Phoebe Gloeckner, the writer of the graphic novel “Diary of a Teenage Girl”, has been talking about the movie adaptation of her work in a U-M News Service press release Q & A. She gives some background on the project, and talks about Alexander Skarsgard wanting to know what happened to his character (Monroe) and the movie having to be less explicit than the book.
Phoebe Gloeckner, a U-M Stamps School of Art and Design professor, already made waves once with the 2002 release of her graphic novel, “The Diary of a Teenage Girl,” based on her own teen diaries. The books detailed a young girl’s initiation into sex and drugs, beginning with an affair with her mother’s boyfriend.
Now, Gloeckner is poised to make waves again when the film adaptation – starring Kristen Wiig and Alexander Skarsgard, and directed by Marielle Heller (who’d previously adapted the book for the stage) – premieres at the Sundance Film Festival on January 25, 2015.
A U-M News Service press release contains a Q&A with Heller about her book and the film adaptation.
Q: The book is based on your own diaries and life growing up in 1970s San Francisco. Were you hesitant about handing over the rights to your story for stage and now, film?
Gloeckner:Over the years, I’ve been approached by three different directors about turning the book into a film but I was never comfortable with the vision that they presented. Maybe it was because I had my own vision for a film version. Then, Marielle Heller approached me about creating a play. I thought that was so insane and couldn’t imagine it whatsoever, so I said yes. Over the last eight years, as she was researching and writing, we developed a strong relationship and I grew to trust her. So when she approached me about turning the play into a film, I said yes.
Q: Did Marielle Heller, the actors, or the production crew consult with you during the filming?
Gloeckner: I’ve spent a lot of time with Marielle, and I’ve answered questions and dug up old photos and drawings and read script drafts. Ultimately, it was weird for me to be involved. The material is so personal. I had to defer to Marielle and allow her to follow her own creative vision and create her own piece. I don’t think the movie could possibly be as dark and, well, explicit as the book. It’s a film, so it has to get an R rating.
I was on the set quite a bit. It was an amazing experience. Alexander Skarsgard did ask me quite a few questions about Monroe, the character he plays. Among other things, he wanted to know what became of him.
Q: The novel has long been considered a masterpiece within the genre of graphic novels. Are there any aspects of your drawings or graphics being incorporated into the film?
Gloeckner: Marielle created animations based on my drawings for the movie. There’s one animation based on a comic I drew when I was 15. In the book, the comics are part of the narrative, but in the movie, I think they play a different role, illustrating Minnie’s mind as an artist. Another difference, by the way, is that instead of writing, Minnie records the diary out loud. This just worked much better for film.

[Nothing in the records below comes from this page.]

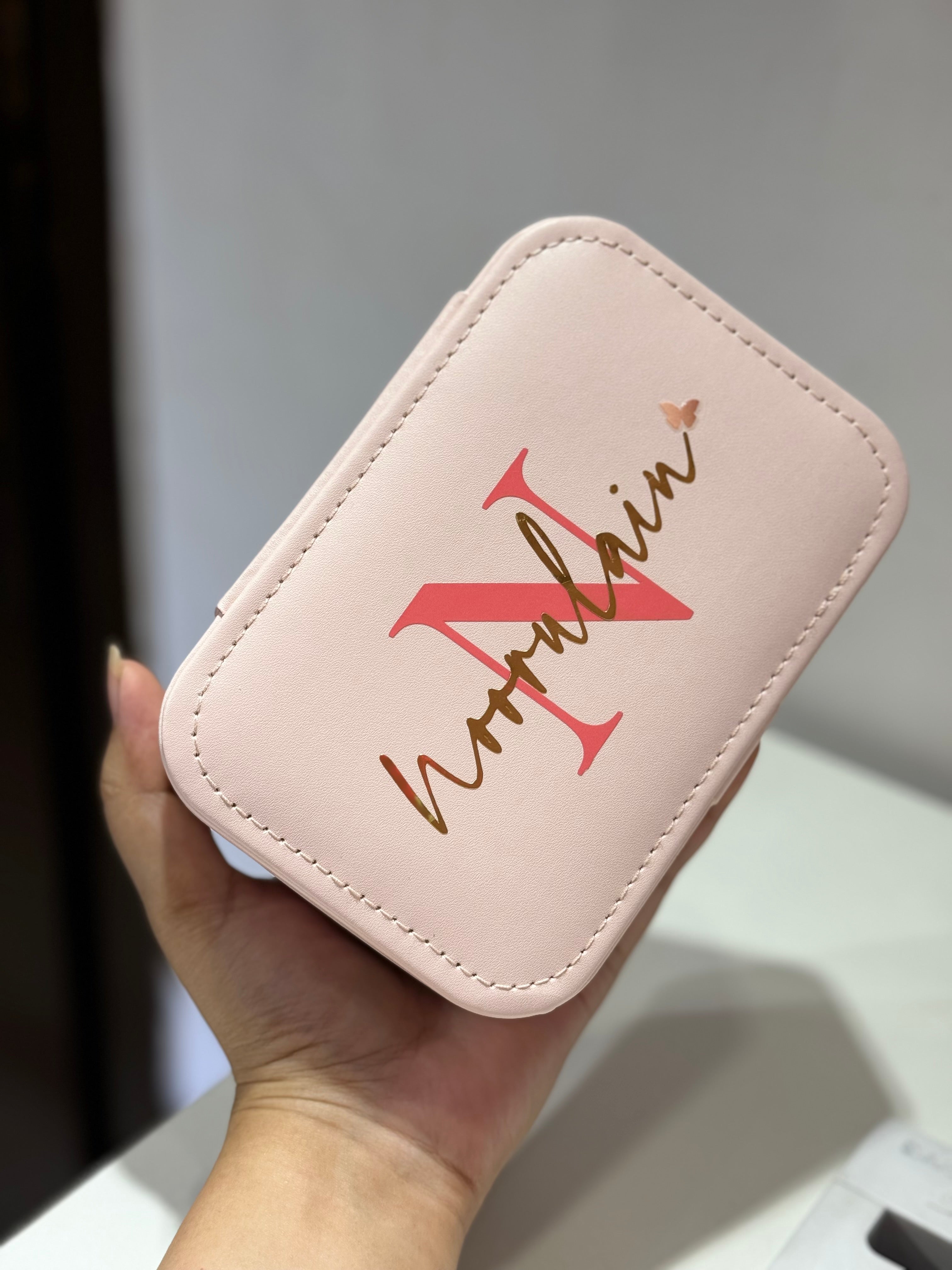 Portable jewelry case
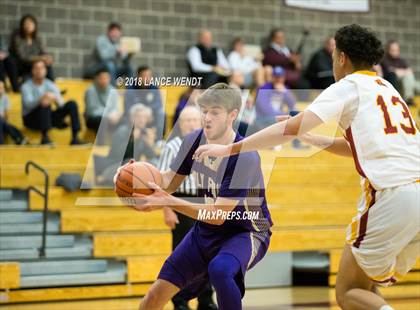 Thumbnail 1 in Holy Family vs. Sierra photogallery.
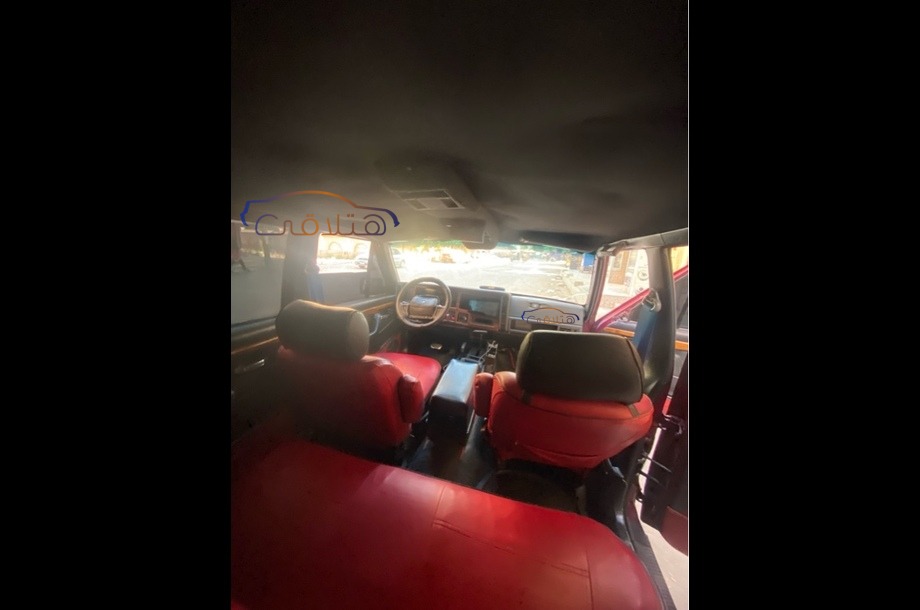 Cherokee Jeep احمر غامق
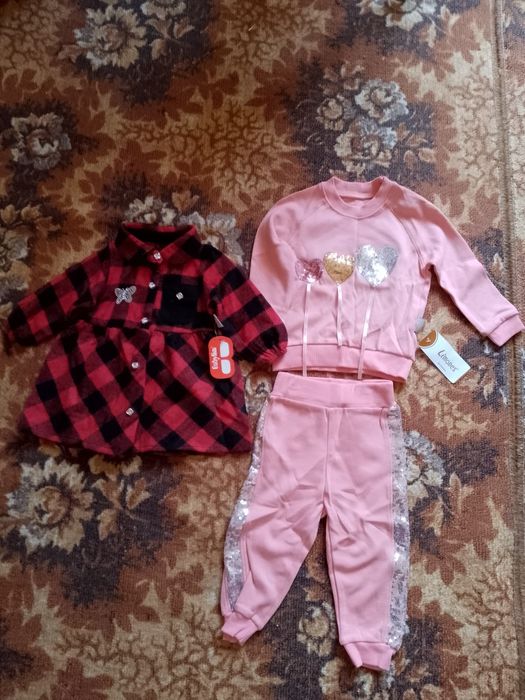 Продам новий костюм і плаття для дівчинки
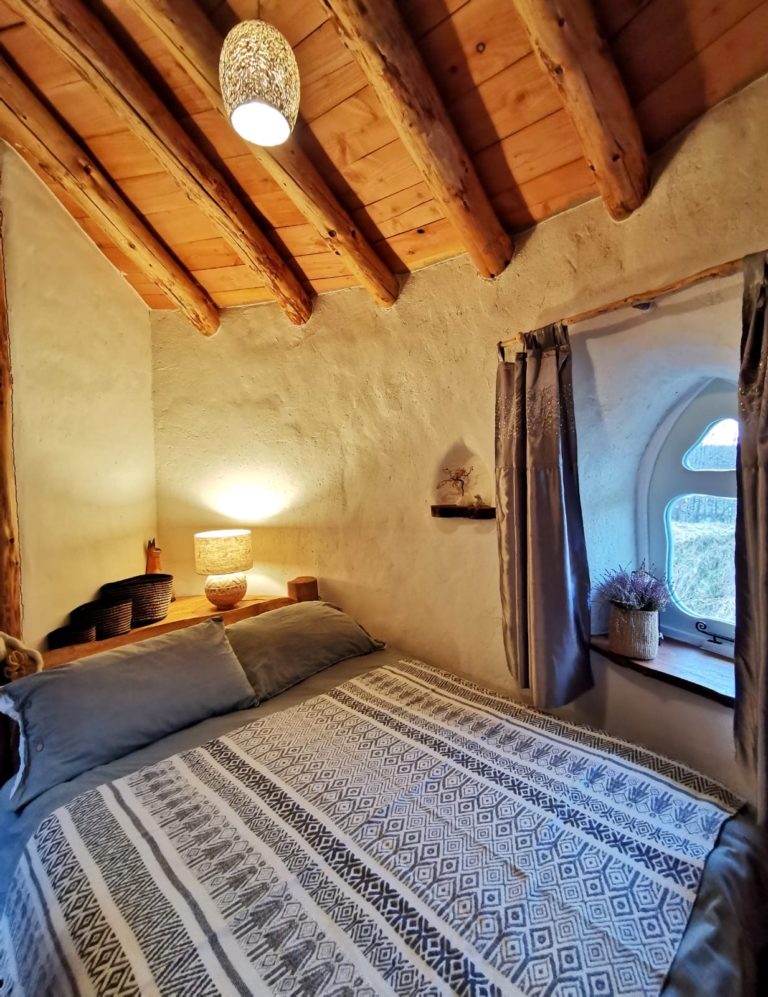 D6677B91 4B65 4879 8C78 1ADA06570931 768x997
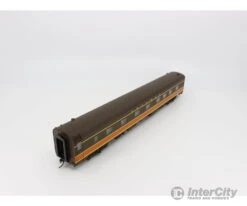 Walthers 932-16702 HO Pullman-Standard 4-4-2 Sleeper Passenger Car Illinois Central (IC) -Walthers Sales walthers 932 16702 ho pullman standard 4 2 sleeper passenger car illinois central ic cars 242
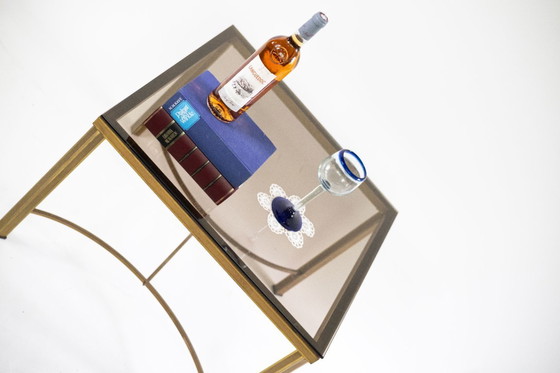 Image 1 of Table basse élégante avec plateau en verre fumé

Q: Will you attend the Sundance premiere?
Gloeckner:Yes, I will be there. I actually haven’t seen the whole film yet, just noncontiguous scenes. I’m really nervous but I think Marielle is even more nervous for me to see the film. It’s really emotional. This part of my life was traumatic, and there are probably parts of it I still haven’t processed. But ultimately, I feel lucky – how many people get to see actors act out their life stories?
Gloeckner teaches graphic storytelling, illustration and electronic book arts at U-M’s Stamps School. In 2008, she was awarded the Guggenheim Fellowship to continue work on an ongoing project centering on the life of the family of a murdered teenager living in Ciudad Juárez, several hundred feet from the U.S.-Mexico border. She is currently working on an electronic, hybrid “multi-touch” novel based on her research in Juarez.